Bear in mind that if you need to add data nodes after the cluster has been loaded with data, you can automatically redistribute the sharded data across the new servers, which optimizes performance; see Add Data Nodes and Rebalance Data for more information. On the other hand, you cannot remove a data node with sharded data on it, and a server’s sharded data cannot be automatically redistributed to other data nodes, so adding data nodes to a production cluster involves considerably less effort than reducing the number of data nodes, which requires dropping all sharded tables before removing the data nodes, then reloading the data after.
Parallel query processing is only as fast as the slowest data node, so the best practice is for all data nodes in a sharded cluster to have identical or at least closely comparable specifications and resources. In addition, the configuration of all InterSystems IRIS instances in the cluster should be consistent; database settings such as collation and those SQL settings configured at instance level (default date format, for example) should be the same on all nodes to ensure correct SQL query results.
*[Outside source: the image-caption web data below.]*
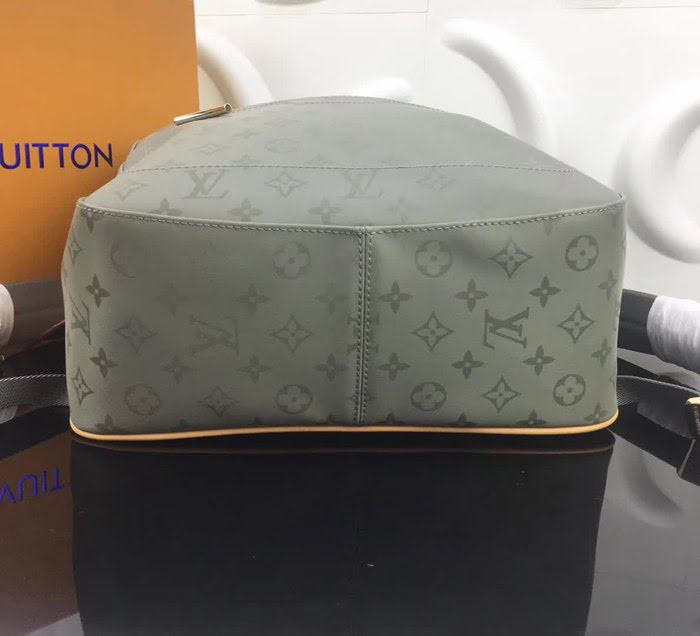 路易威登LV頂級原單2018秋冬男士新款 M43882小號雙肩包鈦金色金屬飾件 YDH1630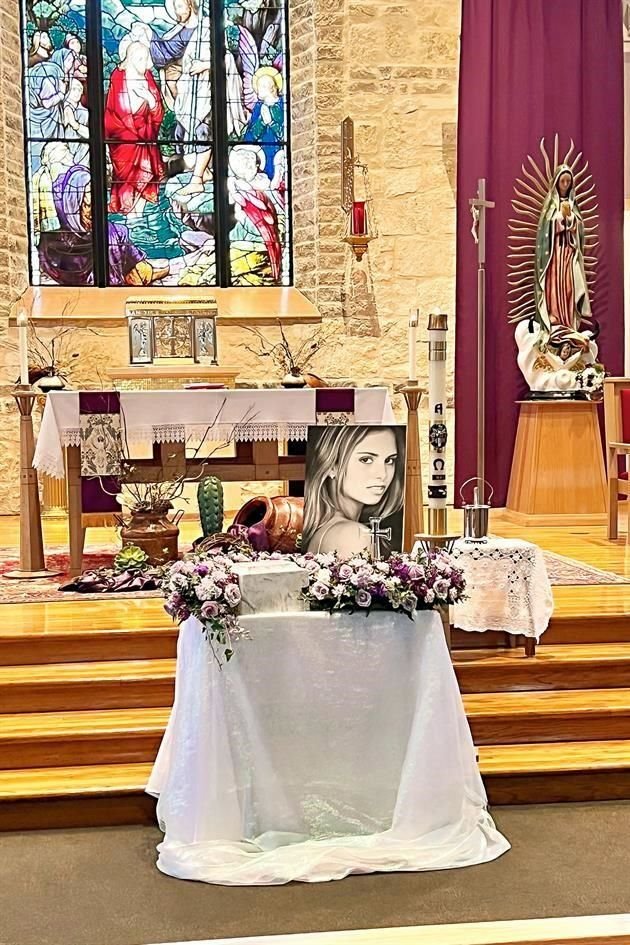 A mes y medio de que Mariana Santos Williams partió al Cielo, su familia y amigos de San Pedro que viajaron a San Antonio,Texas, participan en una misa.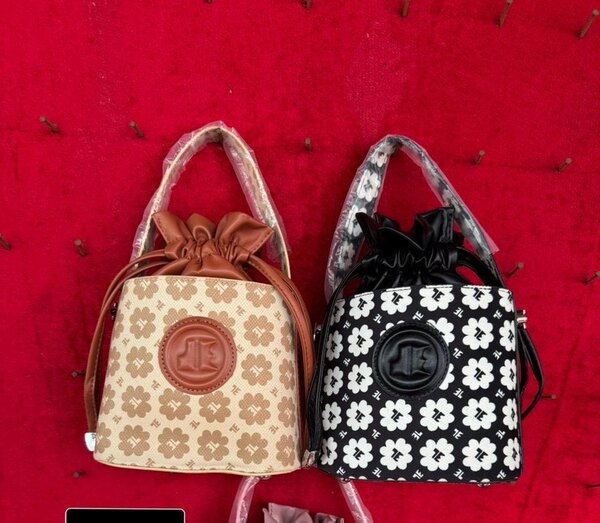 Sacs à dos élégants motifs floraux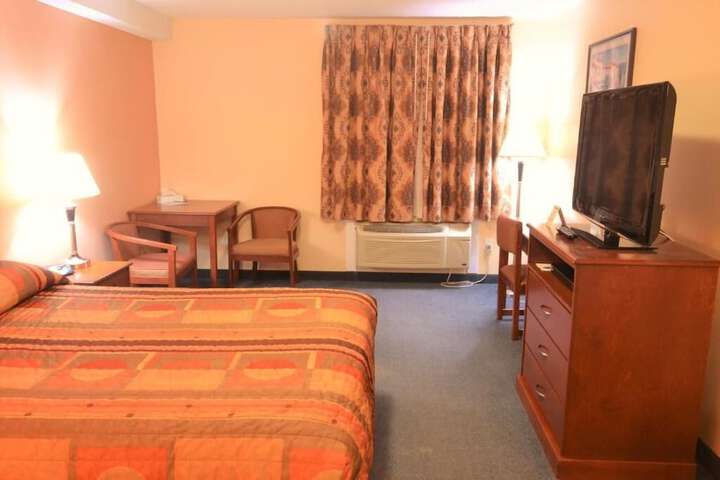 Aurora Park Inn & Suites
Standardized procedures and use of an automated deployment method can help ensure this consistency.
The recommendations in the following table assume that you have followed the procedures for estimating total data and working set sizes described in the foregoing, including adding a 50% safety factor to the results of your calculations for each variable.
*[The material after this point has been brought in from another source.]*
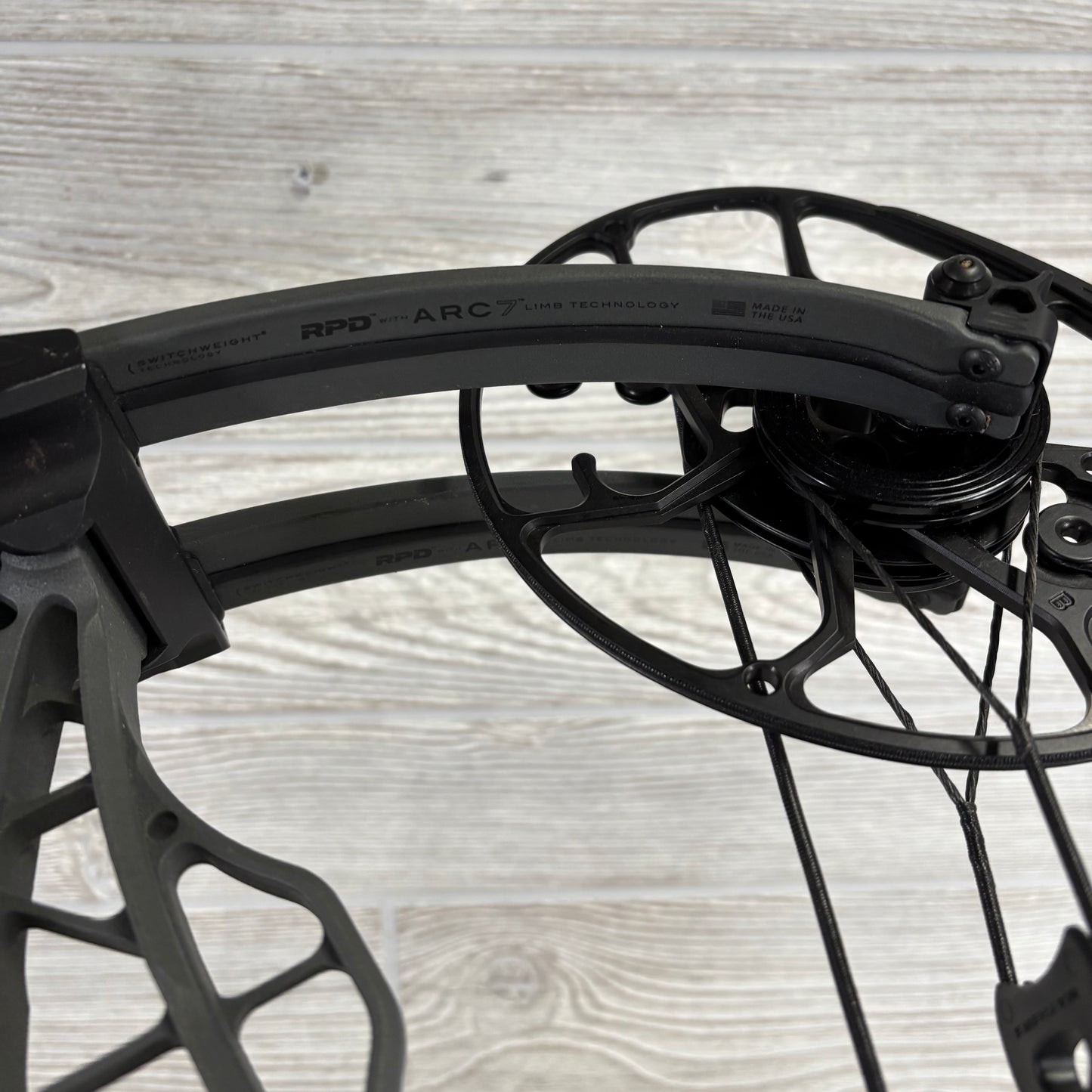 Used Mathews Lift X 29.5 Right Hand Shale Fade to Black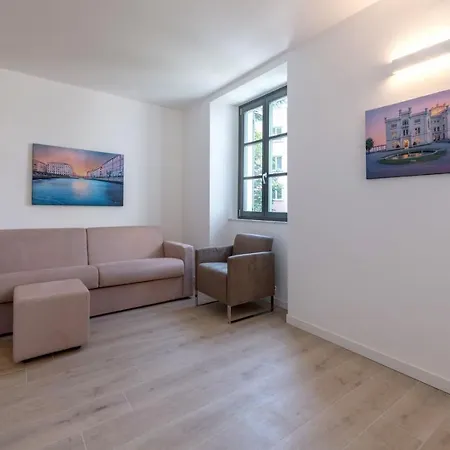 La Torre Con Private Park 4* Triëst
All InterSystems IRIS instances in a sharded cluster must be of the same version, and all must have sharding licenses.
All data nodes in a sharded cluster should have identical or at least closely comparable specifications and resources; parallel query processing is only as fast as the slowest data node. In addition, the configuration of all InterSystems IRIS instances in the cluster should be consistent; database settings such as collation and those SQL settings configured at instance level (default date format, for example) should be the same on all nodes to ensure correct SQL query results. Standardized procedures and use of an automated deployment method can help ensure this consistency.
Because applications can connect to any data node's cluster namespace and experience the full dataset as if it were local, the general recommended best practice is to load balance application connections across all of the data nodes in a cluster. The IKO can automatically provision and configure a load balancer for the data nodes as needed under typical scenarios; if deploying a sharded cluster by other means, a load balancing mechanism is required. For an important discussion of load balancing a web server tier distributing application connections across data nodes, see Load Balancing, Failover, and Mirrored ConfigurationsOpens in a new tab in the Web Gateway guide.
To maximize the performance of the cluster, it is a best practice to configure low-latency network connections between all of the data nodes, for example by locating them on the same subnet in the same data center or availability zone.